To further confirm the reliability of these findings, our predictions were compared against empirical results reported in the literature. Prior studies have demonstrated energy savings between 20% and 60% with variable-frequency drive applications in motor-driven systems [6,7], while soft starters have been shown to provide approximately 5% to 11% savings by reducing inrush currents and iron losses, particularly under low-load conditions [9]. In addition, recent experimental investigations involving frequency-based control strategies have reported substantial reductions in energy losses and RMS current [30], further supporting the effectiveness of speed modulation approaches. These observations are consistent with the trends identified in the present study, reinforcing the validity and broader applicability of the proposed normalized framework for hybrid control strategies.

3. Power Consumption Forecasting and Optimization

3.1. Optimization for Variable Frequency Controls

In the two-stage stochastic framework, the second stage determines the optimal speed profile for each realized workload scenario, minimizing normalized energy consumption while ensuring the required mechanical load is satisfied. To evaluate the minimum normalized energy consumption under variable frequency control, we solve the following discretized optimization problem derived using Equation (9):

$$\underset{{\widehat{r}}_1,\dots ,{\widehat{r}}_K}{min}{\displaystyle \frac{\widehat{E}}{{\widehat{E}}_0}}={\displaystyle \frac{1}{cos\left({\varphi }_r\right)}}\sum _{k=1}^K\Delta \tau ·f\left({\widehat{r}}_k\right),$$

(16)

where $f\left({\widehat{r}}_k\right)={\widehat{r}}_k^3\left[cos\left({\varphi }_r\right)-\delta (1-{\widehat{r}}_k)\right]$, and $\Delta \tau =1/K$ with K denoting the number of uniform time discretization points.
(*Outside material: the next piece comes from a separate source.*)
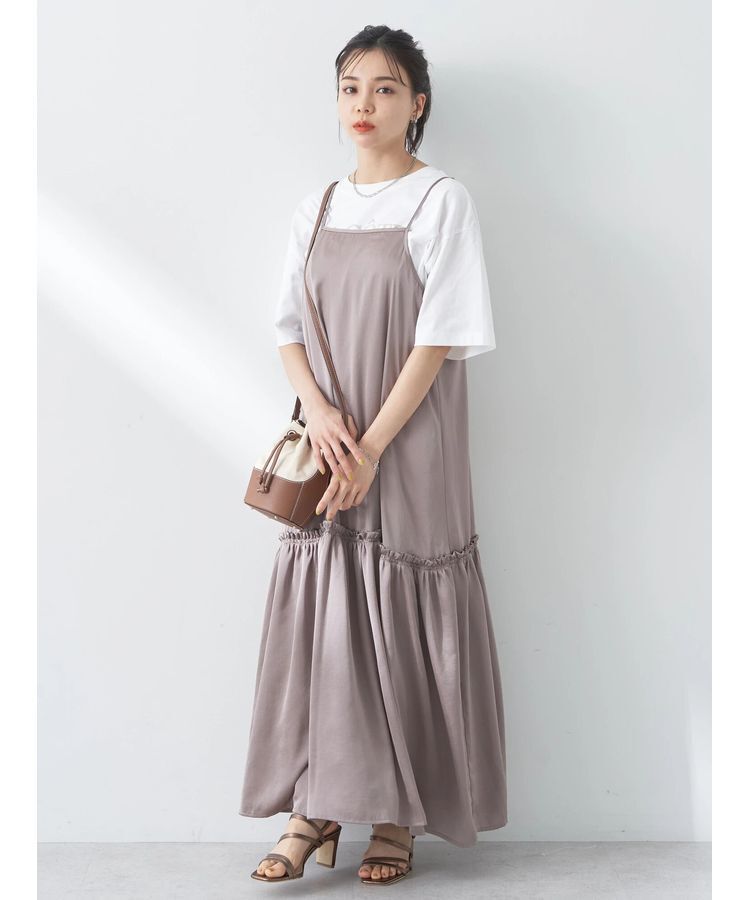 earth music&ecology「サテンティアードキャミワンピース」|ワンピース|Beige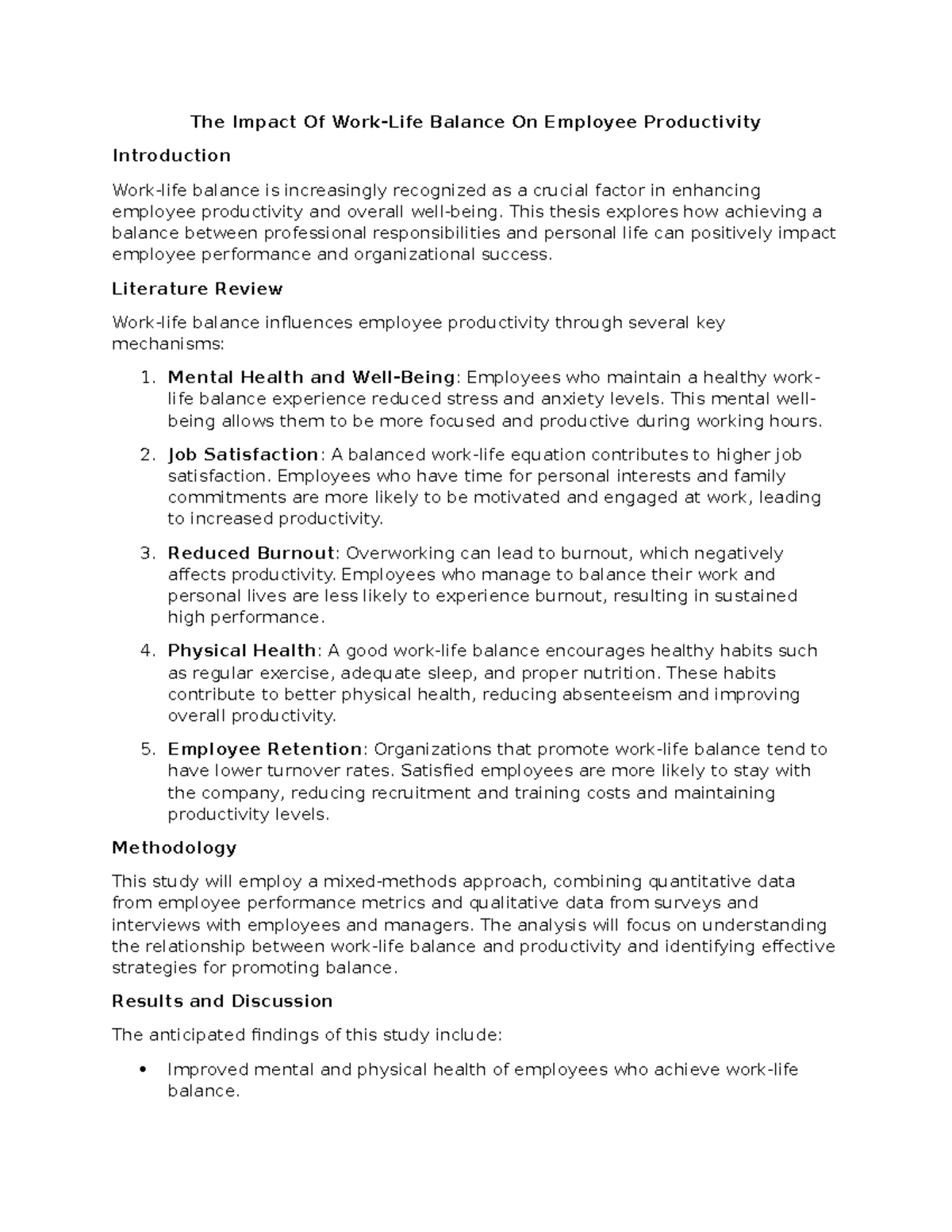 The Impact of Work-Life Balance on Employee Productivity: A Study - Studocu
The speed profile satisfies

$$\sum _{k=1}^K\Delta \tau ·{\widehat{r}}_k=\overline{L},0\le {\widehat{r}}_k\le 1.$$

(17)

Here, $\overline{L}=W/\left(P_r·T\right)\in (0,1]$ is the normalized average mechanical load over the time horizon, where W is the remaining mechanical energy required, $P_r$ is the motor’s rated power, and T is the duration of operation.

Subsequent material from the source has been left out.